Already faster than the Attack
During its shakedown runs, the Sadair's Spear lapped Koenigsegg's home track at Gotland Ring 1.1 seconds faster than the Jesko Attack's existing record. That gap, on a relatively short circuit, in a car that shares the same fundamental chassis, suggests the aero and weight package is not a marketing exercise.
Koenigsegg brought the car to the Goodwood Festival of Speed shortly after its public reveal, where it reportedly broke a speed record on the hill climb course.
30 cars, all sold, EUR 3.8 million
All 30 units were claimed during a private showing before the public reveal. The price: approximately EUR 3.8 million (roughly USD 5.2 million) before local taxes. That puts it above the Jesko Attack and Absolut, which were already the most expensive production Koenigseggs when they launched.
The "sold out before the public saw it" pattern is now standard at this end of the market.

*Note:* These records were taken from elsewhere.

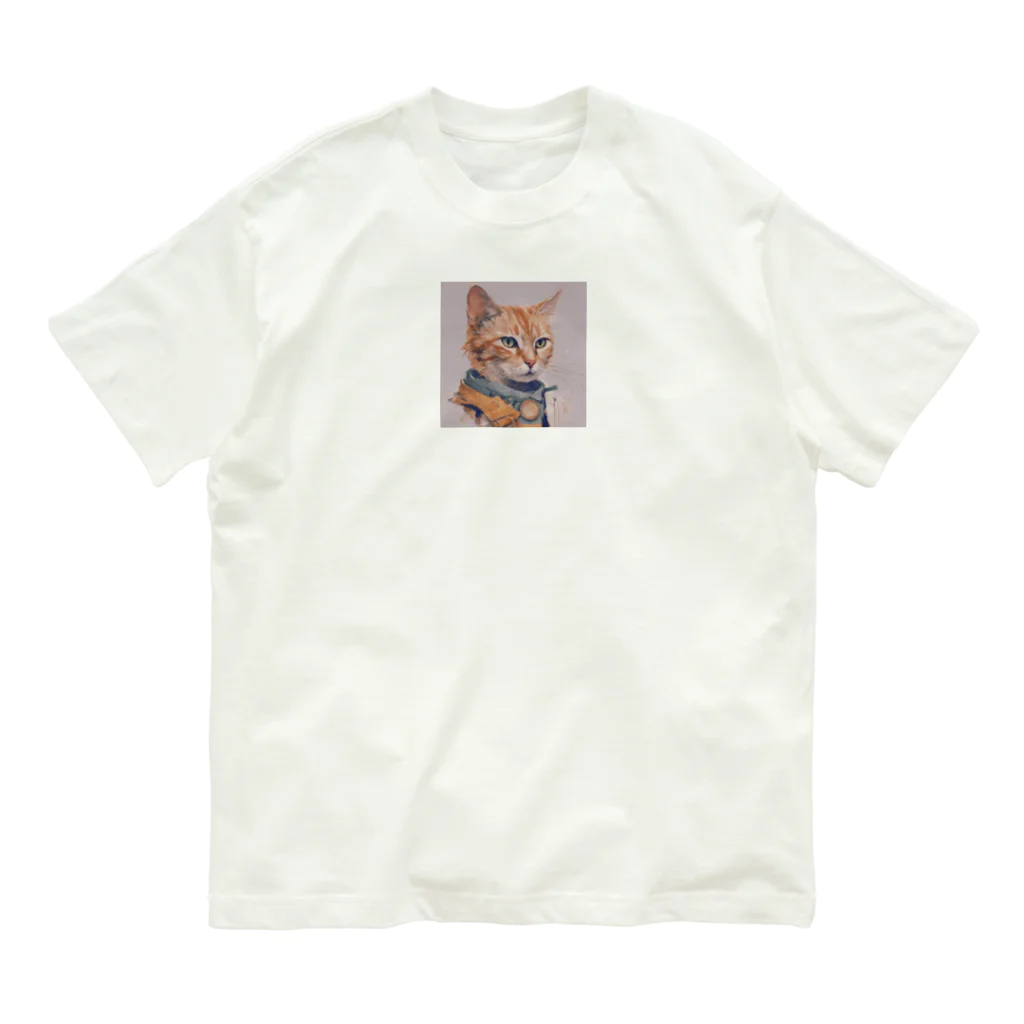 ミシンの猫 オーガニックコットンTシャツ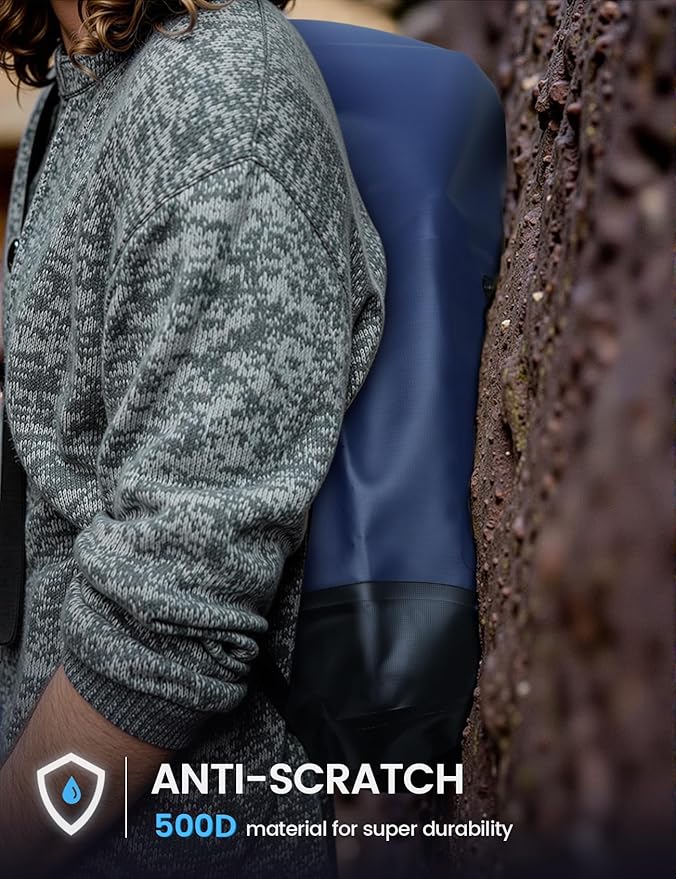 Lamicall Dry Bag Waterproof Backpack - [Zippered Pocket] 10L/20L Roll Top Waterproof Bag with Water proof Phone Case, Floatable Drybag for Swimming, Boating, Kayaking, Camping, Beach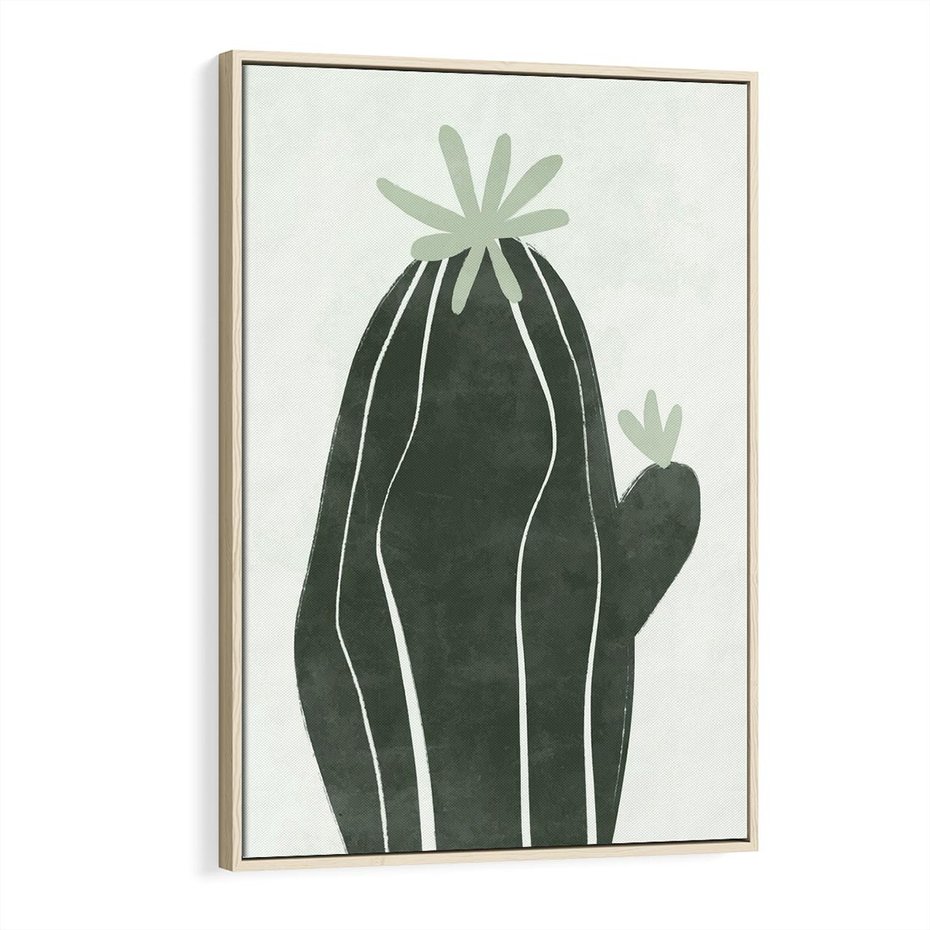 Obraz w ramie 80x120 - Zieleń Inspirującego Życia - zielony plakat, minimalizm - rama drewno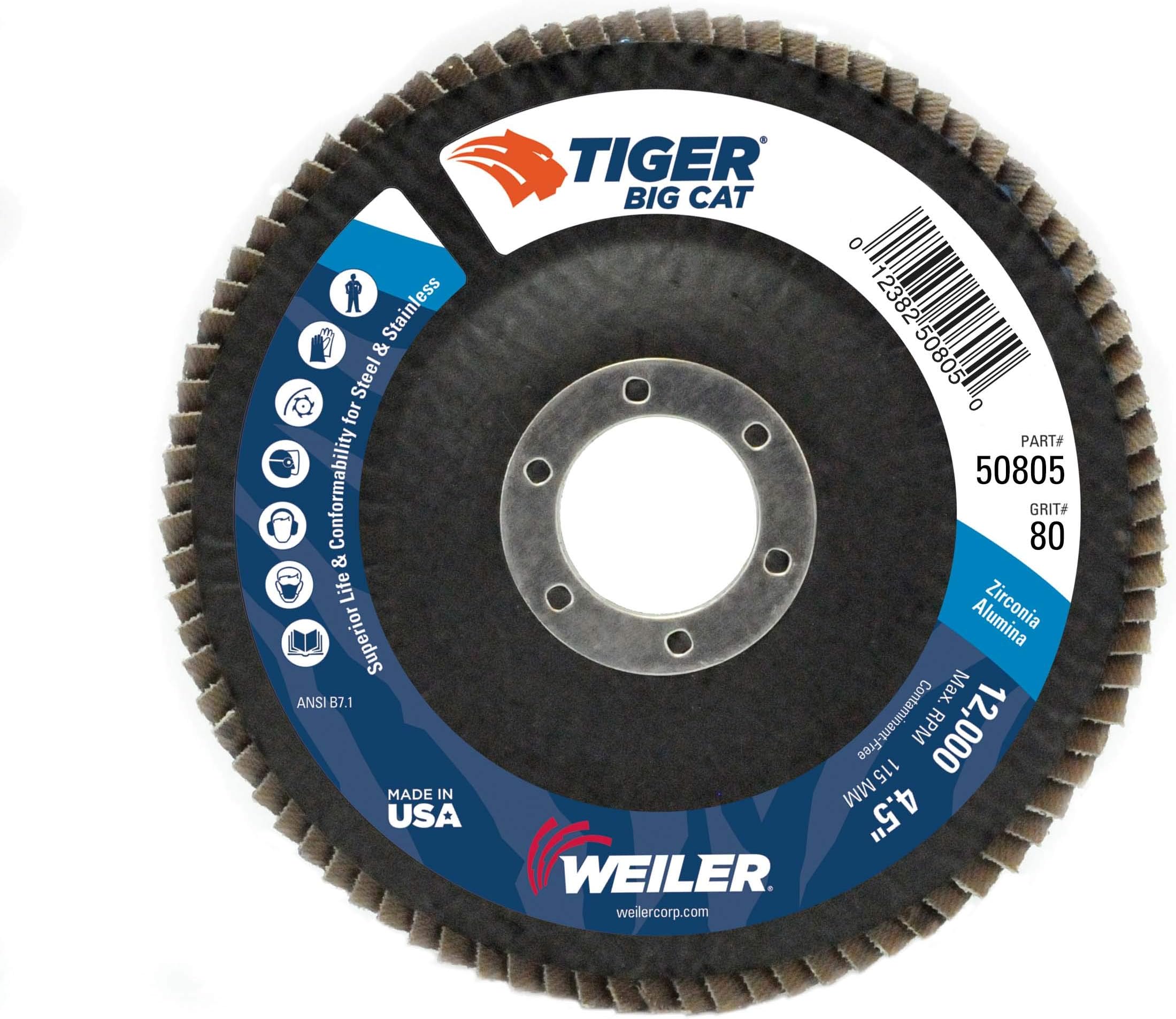 Weiler 50805 Big Cat High Density Abrasive Flap Disc, Type 27, Round Hole, Phenolic Backing, Zirconia Alumina, 4-1/2" Dia., 80 Grit
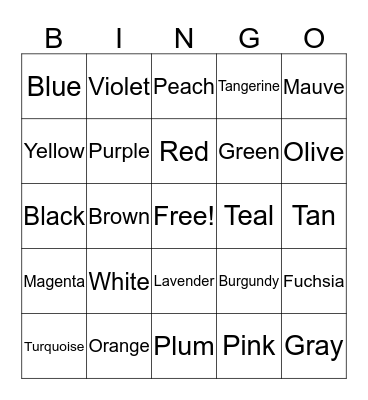 Color Words Bingo Card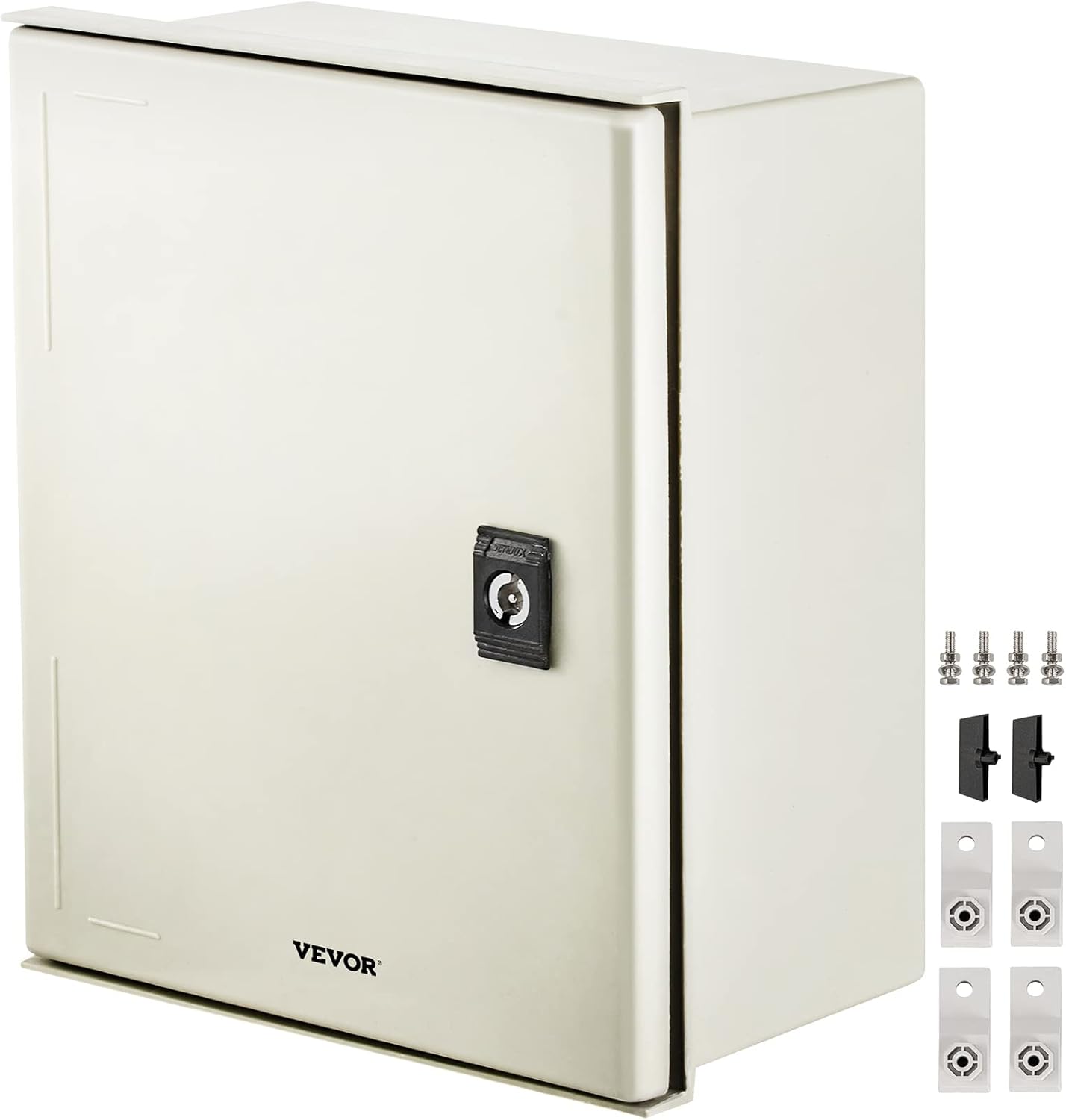 VEVOR Electrical Enclosure Box, 12” ×10” ×6”, Fiberglass Junction Box, IP66 Waterproof & Dustproof, Outdoor Electrical Box, with Mounting Plate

Bugatti, Pagani, and Ferrari do the same with their limited runs. What separates Koenigsegg from the European incumbents is volume: 30 cars is a meaningful fraction of Koenigsegg's entire annual output. This is not a side project from a factory that builds 300 cars a year. This is a side project from a factory that builds 80.
Where it sits in the Jesko range
The Jesko now has three body specs:
- Attack: fixed wing, maximum downforce, track-biased but road-legal.
- Absolut: lengthened body, no fixed rear wing, drag-optimised for the 531 km/h top speed target.
- Sadair's Spear: the Attack taken further. More downforce, less weight, higher peak power, stripped interior. The track weapon.
The Absolut chases straight-line speed records. The Attack is the all-around circuit car. The Sadair's Spear is what happens when you tell the engineering team the Attack is too comfortable.
Our take
The Sadair's Spear is a factory-built track special from a company that already builds nothing but track specials. That should make it redundant. It doesn't, because the execution is specific rather than symbolic.
The double-blade wing is not cosmetic. The 35 kg weight saving is real and documented down to the sound deadening. The 1.1-second lap time delta at Gotland is a verifiable claim on a known circuit. And the name has a story that connects to a person rather than a marketing department.
At EUR 3.8 million and 30 units, this is a collectors' item that happens to also be the fastest Jesko built. Whether it ever sees a track after delivery is between the buyers and their insurance underwriters.
The Koenigsegg Sadair's Spear is sold out. Deliveries are scheduled to begin in 2026.